Ex. : dans Pierrot, de Maupassant : « Il répondit : "Vous croyez que j'vas apporter mes cordes, mes manivelles, et monter tout ça, et m'en aller là-bas avec mon garçon et m'faire mordre encore par votre maudit quin, pour l'plaisir de vous le r'donner ? fallait pas l'jeter." ». Ici, les paroles du puisatier sont rapportées directement de manière à rendre le texte plus vivant, mais aussi pour donner un effet de réel grâce aux tournures locales, au patois du paysan. C'est aussi une manière pour le narrateur de marquer sa distance avec les paroles de ses personnages, et éventuellement son désaccord face à l'avarice normande.

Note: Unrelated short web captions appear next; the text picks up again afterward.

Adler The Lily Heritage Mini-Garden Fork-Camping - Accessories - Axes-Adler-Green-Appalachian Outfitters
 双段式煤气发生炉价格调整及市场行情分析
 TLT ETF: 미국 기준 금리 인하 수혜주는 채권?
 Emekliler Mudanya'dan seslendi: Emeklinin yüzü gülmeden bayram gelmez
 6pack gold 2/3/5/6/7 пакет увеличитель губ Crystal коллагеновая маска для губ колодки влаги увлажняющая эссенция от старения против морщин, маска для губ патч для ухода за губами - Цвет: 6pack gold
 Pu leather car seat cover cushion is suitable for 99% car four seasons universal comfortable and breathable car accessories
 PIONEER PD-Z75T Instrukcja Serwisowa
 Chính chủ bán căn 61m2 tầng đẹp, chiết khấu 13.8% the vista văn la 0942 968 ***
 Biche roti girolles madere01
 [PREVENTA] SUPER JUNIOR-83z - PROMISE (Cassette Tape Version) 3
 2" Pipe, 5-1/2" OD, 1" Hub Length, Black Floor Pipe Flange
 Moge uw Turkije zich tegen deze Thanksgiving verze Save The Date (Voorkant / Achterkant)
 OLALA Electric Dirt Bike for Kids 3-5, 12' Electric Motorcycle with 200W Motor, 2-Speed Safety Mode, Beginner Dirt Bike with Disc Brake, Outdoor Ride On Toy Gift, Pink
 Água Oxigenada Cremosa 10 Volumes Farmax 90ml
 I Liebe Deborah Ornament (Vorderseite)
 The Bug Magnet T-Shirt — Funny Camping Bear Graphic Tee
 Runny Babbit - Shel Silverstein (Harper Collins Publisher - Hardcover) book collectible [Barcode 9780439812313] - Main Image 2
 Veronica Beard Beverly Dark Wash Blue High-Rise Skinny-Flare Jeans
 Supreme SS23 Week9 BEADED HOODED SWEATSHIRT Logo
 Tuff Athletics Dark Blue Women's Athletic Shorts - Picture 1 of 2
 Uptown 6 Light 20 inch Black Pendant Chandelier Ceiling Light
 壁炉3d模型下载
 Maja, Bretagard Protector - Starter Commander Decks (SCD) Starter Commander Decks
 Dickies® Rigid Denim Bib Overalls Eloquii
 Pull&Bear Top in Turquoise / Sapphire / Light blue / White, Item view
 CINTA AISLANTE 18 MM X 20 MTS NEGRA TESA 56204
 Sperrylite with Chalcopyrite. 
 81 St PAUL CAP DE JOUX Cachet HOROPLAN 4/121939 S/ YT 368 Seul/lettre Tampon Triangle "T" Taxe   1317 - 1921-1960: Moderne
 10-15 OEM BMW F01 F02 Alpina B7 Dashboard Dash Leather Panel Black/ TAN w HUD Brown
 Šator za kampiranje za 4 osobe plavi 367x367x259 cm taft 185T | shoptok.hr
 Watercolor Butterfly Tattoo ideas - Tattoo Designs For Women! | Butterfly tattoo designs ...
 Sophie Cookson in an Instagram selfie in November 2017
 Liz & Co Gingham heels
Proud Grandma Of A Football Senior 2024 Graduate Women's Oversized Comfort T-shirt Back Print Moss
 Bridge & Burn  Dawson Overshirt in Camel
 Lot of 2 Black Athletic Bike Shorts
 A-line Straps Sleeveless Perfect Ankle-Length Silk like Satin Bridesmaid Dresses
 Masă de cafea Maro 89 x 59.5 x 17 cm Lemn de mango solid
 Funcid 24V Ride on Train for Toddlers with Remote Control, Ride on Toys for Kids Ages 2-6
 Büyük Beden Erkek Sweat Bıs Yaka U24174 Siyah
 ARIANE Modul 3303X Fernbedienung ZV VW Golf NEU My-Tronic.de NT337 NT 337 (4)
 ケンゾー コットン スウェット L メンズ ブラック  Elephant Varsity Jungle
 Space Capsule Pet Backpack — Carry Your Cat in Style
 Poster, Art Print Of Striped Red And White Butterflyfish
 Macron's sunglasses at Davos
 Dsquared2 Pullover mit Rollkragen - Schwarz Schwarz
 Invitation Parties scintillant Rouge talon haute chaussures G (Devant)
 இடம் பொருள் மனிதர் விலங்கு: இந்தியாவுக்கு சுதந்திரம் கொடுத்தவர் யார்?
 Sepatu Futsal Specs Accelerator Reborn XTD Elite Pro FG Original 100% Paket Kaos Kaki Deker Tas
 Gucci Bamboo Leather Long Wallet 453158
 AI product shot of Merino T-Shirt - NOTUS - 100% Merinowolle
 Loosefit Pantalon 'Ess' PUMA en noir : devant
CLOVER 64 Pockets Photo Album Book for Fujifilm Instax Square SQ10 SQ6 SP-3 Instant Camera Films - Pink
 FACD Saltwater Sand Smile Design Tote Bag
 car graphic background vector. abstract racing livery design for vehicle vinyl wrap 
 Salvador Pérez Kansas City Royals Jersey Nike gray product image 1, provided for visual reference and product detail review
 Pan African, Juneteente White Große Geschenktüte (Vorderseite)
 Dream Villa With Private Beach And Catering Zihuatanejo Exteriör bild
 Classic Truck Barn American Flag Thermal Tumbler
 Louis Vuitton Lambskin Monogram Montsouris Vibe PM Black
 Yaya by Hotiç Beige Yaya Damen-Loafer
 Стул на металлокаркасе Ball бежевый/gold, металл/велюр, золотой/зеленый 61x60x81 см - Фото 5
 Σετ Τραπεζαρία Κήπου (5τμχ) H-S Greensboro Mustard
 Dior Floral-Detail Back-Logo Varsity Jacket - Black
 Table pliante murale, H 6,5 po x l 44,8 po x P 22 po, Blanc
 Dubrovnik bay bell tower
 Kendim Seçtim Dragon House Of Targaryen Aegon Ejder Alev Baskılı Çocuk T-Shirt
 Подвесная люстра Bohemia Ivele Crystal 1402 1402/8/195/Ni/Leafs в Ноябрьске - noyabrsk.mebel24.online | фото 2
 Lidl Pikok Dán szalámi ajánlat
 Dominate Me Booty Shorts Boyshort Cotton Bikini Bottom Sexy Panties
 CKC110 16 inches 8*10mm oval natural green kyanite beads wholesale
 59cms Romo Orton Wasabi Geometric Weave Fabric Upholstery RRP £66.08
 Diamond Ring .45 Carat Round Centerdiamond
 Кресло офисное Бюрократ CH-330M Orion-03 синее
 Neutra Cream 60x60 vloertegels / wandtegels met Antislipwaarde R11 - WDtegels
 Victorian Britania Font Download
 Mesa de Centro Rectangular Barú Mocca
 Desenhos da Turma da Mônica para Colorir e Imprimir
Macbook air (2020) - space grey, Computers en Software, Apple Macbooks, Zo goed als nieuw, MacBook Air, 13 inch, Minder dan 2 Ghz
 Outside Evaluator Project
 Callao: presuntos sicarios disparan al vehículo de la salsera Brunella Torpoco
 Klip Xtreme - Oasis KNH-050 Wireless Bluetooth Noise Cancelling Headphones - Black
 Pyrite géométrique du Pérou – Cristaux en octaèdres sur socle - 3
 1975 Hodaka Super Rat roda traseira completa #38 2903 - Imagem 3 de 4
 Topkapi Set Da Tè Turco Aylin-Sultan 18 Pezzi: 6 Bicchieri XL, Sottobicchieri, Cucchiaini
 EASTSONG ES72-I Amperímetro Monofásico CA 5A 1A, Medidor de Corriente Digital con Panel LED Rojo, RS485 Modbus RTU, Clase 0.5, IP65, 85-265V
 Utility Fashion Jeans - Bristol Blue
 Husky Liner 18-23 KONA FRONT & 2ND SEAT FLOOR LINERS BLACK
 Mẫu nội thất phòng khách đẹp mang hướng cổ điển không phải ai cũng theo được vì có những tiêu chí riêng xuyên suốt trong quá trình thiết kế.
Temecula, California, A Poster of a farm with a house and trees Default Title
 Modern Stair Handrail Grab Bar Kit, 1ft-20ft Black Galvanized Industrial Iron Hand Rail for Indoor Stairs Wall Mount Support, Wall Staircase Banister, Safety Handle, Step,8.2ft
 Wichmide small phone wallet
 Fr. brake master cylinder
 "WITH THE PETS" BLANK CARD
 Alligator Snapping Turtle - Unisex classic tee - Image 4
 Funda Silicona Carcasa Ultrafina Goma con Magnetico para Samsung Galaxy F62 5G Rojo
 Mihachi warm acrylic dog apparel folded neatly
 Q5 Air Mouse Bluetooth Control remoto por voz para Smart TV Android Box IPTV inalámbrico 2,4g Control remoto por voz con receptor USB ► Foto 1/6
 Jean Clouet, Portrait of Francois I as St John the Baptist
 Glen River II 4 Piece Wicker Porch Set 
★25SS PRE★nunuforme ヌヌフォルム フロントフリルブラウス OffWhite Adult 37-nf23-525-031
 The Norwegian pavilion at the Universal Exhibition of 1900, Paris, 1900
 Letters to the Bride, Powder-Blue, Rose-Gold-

- le style indirect : les paroles sont intégrées au récit. Elles sont introduites par un verbe de parole et sous la forme d'une subordonnée conjonctive (introduite par « que », « si », « comment »...). Les temps s'alignent sur ceux du récit, et les première et deuxième personnes disparaissent au profit de la troisième personne. Cette manière de rapporter les paroles indirectement confond les prises de paroles des personnages avec leurs actions, accélérant parfois le récit. Les particularités langagières du personnage se retrouvent donc neutralisées par le narrateur.

Ex. : transformation d'un passage de Pierrot, de Maupassant : « Le puisatier répondit qu'il n'allait pas apporter ses cordes, ses manivelles, monter l'ensemble et aller dans la marnière avec son garçon pour se faire mordre par son chien pour le plaisir de lui redonner. Il ajouta qu'elle n'aurait pas dû le jeter ». Au style indirect, les paroles sont alignées sur les actions et quelque peu neutralisées par le narrateur. La voix du personnage et celle du narrateur se confondent, leurs manières de parler également. C'est au lecteur de prendre de lui-même ses distances avec ce qui est dit pour juger les personnages.